Recommendations from our site
“With the case of Lavinia, she does careful research about the lives of people in what we now call Italy, when the events of the Aeneid were meant to have taken place. They have different gods, different ways of thinking about violence, different ways of thinking about gender. It’s an alien culture, if you will. It’s a book that really shows the power of stories. And, ultimately, that’s what Le Guin has explored throughout her career—the power of stories in shaping cultural values and political societies.” Read more...
Sherryl Vint, Literary Scholar
“The original narrative provides Le Guin with plenty of room for a feminist interpretation. She explores what it’s like for a princess to lose her brother and to be blamed for it, to be carrying the entire burden of the succession, not only for the sake of the family’s future, but for the whole nation’s” Read more...

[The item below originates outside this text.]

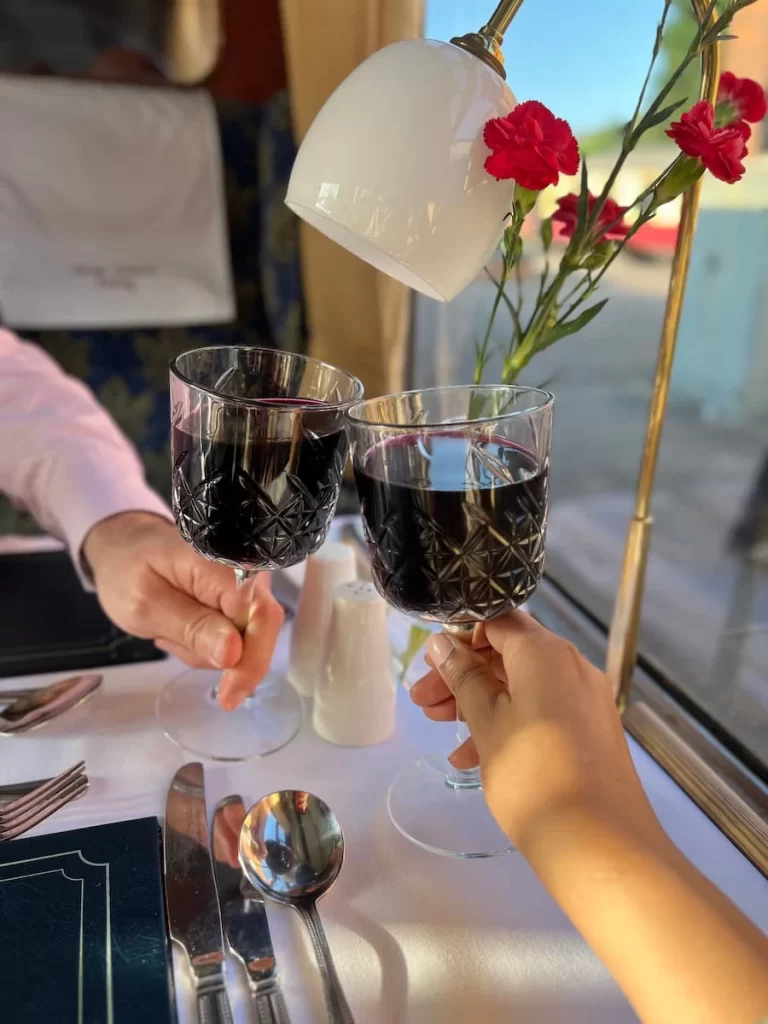 Toasting with Malbec wine at Loughborough Central Station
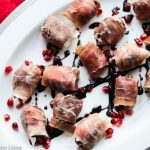 Prosciutto Wrapped Goat Stuffed Dates with Balsamic Vinegar Glaze - just four ingredients - super easy and delicious - perfect as a last minute appetizer idea!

Sarah Ruden, Literary Scholar
This Locus Award-winning novel by American author Ursula K. Le Guin is told from the perspective of Lavinia, the princess with the flaming hair. Though she hardly says a word in Virgil’s Aeneid, she is beautifully reanimated in Le Guin’s modern retelling. Her domineering mother Amata favours King Turnus of Rutulia as Lavinia’s match. But Lavinia has other ideas—she dreams of the famous Aeneas whom she has been told of by the ghost of Virgil, called here simply ‘the poet’. Lavinia’s fate is decided: she cannot concede to wedding Turnus, but with that comes the knowledge that this decision will result in war—Aeneas has her heart.